On n’aime pas avoir peur mais cela ne veut pas dire que la peur ne nous attire pas. Sinon, pourquoi vivrait-on? J’ai sur mon fond d’écran la photo d’un cheval attelé que vous voyez. On n’y voit que la tête avec la bride et son licou. On sait qu’il est attelé car on peut voir la tension sur les rênes liés au mors et le collier qui soustiens le harnais. J’aime les chevaux comme ils me font peur. Et croyez-moi, je les aime beaucoup. Je m’arrête toujours près d’un enclos où il y a des chevaux.

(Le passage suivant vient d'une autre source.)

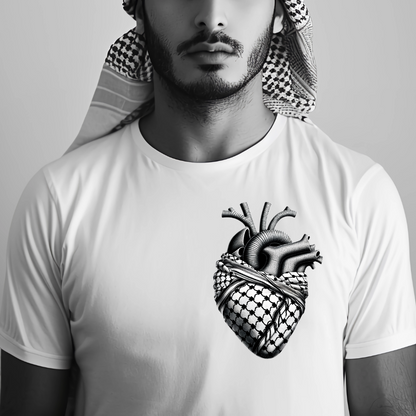 Anatomical Heart with Keffiyeh Palestine Tshirt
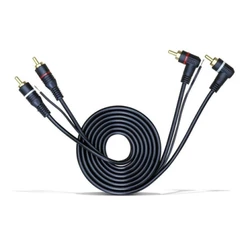 Cabo Som Automotivo 2+2 Rca 1,5 Metros Kx3 Preto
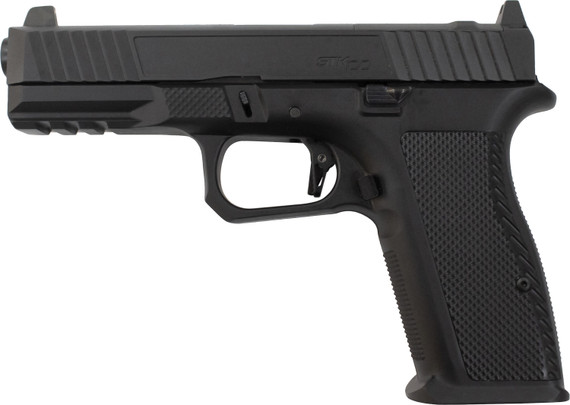 Rock Island 57113 STK100 Ultra 9mm Luger 17+1 4.49 Steel Barrel, Black Anodized Serrated Aluminum Slide, Black Anodized Aluminum Frame w/Pic Rail, Angled Grip, Pistol
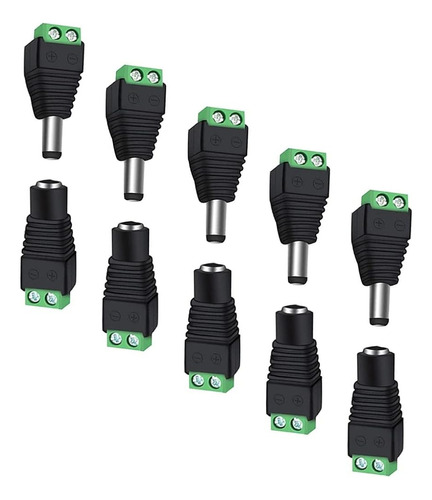 Kit De Conector De Cc Longsing 5 Macho + 5 Hembra Conector D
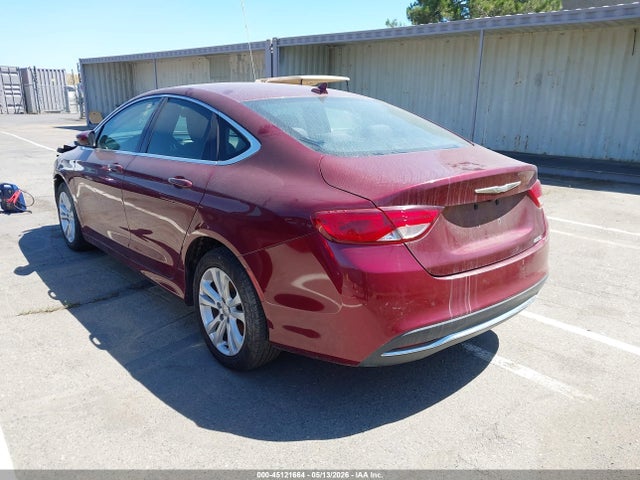 2016 Chrysler 200 Limited მანქანა იყიდება აუქციონზე, vin: 1C3CCCAB2GN150344, აუქციონის ნომერი: 45121664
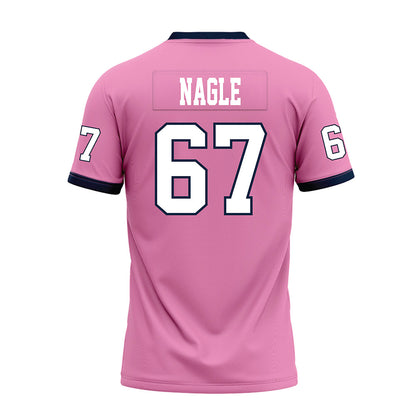 Murray State - NCAA Football : Thatcher Nagle - Pink Premium Football Jersey-1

Est-ce que je vais un jour apprivoiser le cheval jusqu’à faire de l’équitation? J’en doute. Je découvre aussi qu’il en est ainsi pour Dieu. Aussi longtemps qu’on en avait peur, on allait à l’église et on était charitable envers son prochain. Maintenant que ce Dieu est apprivoisé et que l’on croit en son amour, nos églises sont vides et c’est le chacun pour soi. Mais soit dit en passant, combien de pages de la Bible avons-nous sacrifiées pour arriver à un tel amour divin?
L’attrait de la peur est essentiel pour apprendre à relever des défis. Encore faut-il vouloir relever de tels défis. J’aime les chevaux et j’adore les regarder de ma voiture. En est-il ainsi du Dieu de notre foi?